I discovered fascinating holiday connections between the personal and the cultural while working on this book. When I was a kid in Winston-Salem, North Carolina, Christmas was the only time of year my mother purchased a particular dessert from a neighborhood dairy bar. It was called Flaming Snowballs and consisted of balls of hard-frozen vanilla ice cream rolled in coconut with a red candle and a bit of artificial holly in each one. After supper on Christmas Eve, we lit the candles and blew them out fast, before red wax could drip on the coconut—I didn’t want to miss a shred of it. Another more puzzling habit of my mother’s was to have Santa fill my stocking with oranges and tangerines, then perch some small gift on top. I always thought Santa was cheap. My friends got stockings full of toys rather than edibles, and these were not even unusual edibles but food we could get year-round. Later, I found out that the snowballs and the fruit have a shared history as railroads helped spread exotic treats such as coconuts and citrus fruit from southern port cities across the region. However, at that time they were still expensive and rare and reserved for special occasions. For people like my mother, who grew up in a rural North Carolina town at the end of the Great Depression, oranges might be their only Christmas gift and a homemade coconut cake was a once-a-year event. The memories persisted for her, and even as an adult, her favorite Christmas present was a box of navel oranges.

Because the regular-old holidays aren’t sufficient for southerners, we extend the celebrations to honor favorite foods and ethnic heritage. Across the region, you can find festivals in praise of collards, okra, shrimp, strawberries, peaches, shad (a kind of fish), watermelon, biscuits, ramps (wild onions), barbecue (of course), and many more foods. From Lebanese Americans in the Delta to Greek Americans in South Carolina, ethnic food festivals allow visitors to taste the world. And one of the oldest Jewish food festivals in the South, Shalom Y’all, takes place each year in Savannah, Georgia.

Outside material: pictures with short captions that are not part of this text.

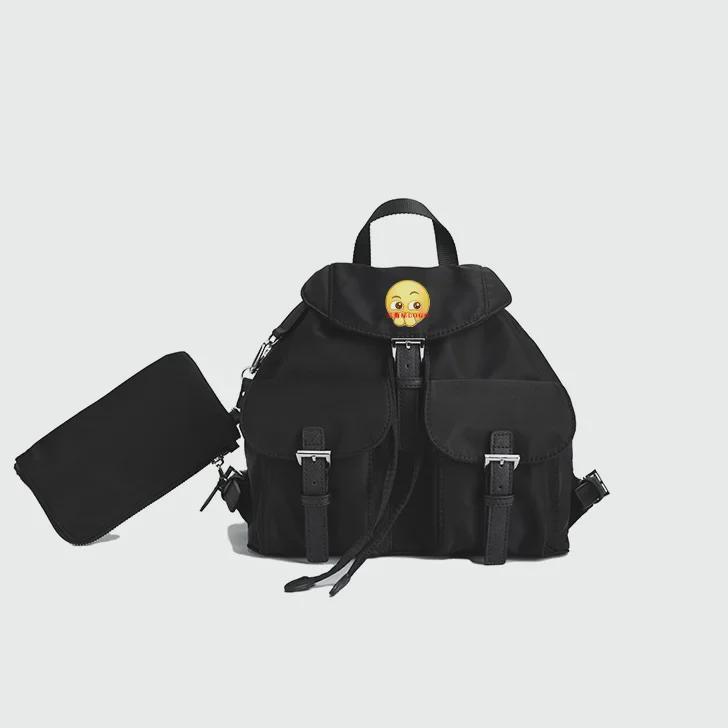 Women's Waterproof Nylon Drawstring Backpack – Casual Small Parachute Backpack for Students and Parties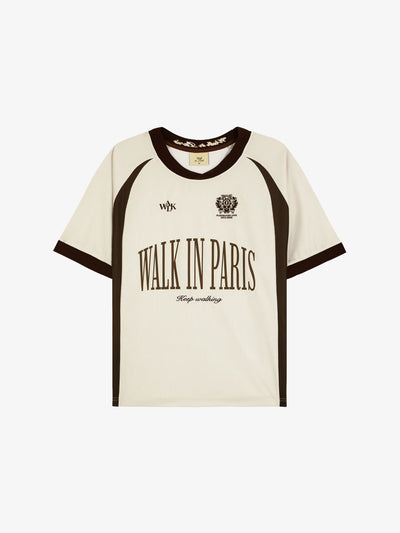 Walk In Paris Jersey Football Beige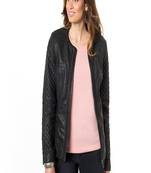 Women’s genuine lambskin black leather biker jacket slim fit designer motorcycle-c320
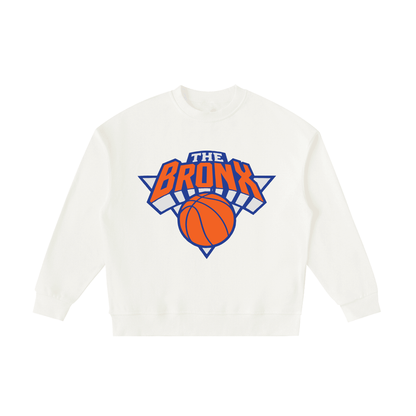Bronx Kids Basketball 2026 Playoffs Essential Fleece Kids' Crewneck Sweatshirt by Bronx Native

In this book, you’ll find the recipes collected by holiday and the holidays grouped by season. I set the seasons by the dates of the equinoxes and solstices when they officially begin.

It’s impossible to include every holiday favorite from every part of the South in one little cookbook like this. My goal is to offer a taste of the variety of celebrations across the region, featuring recipes cherished by real southerners. I hope you’ll see this book as a collection of holiday greeting cards that remind you to enjoy and preserve your own treasured food traditions and help get you acquainted with some new ones. Like I did while writing the book, you might learn a few bits of history you didn’t know.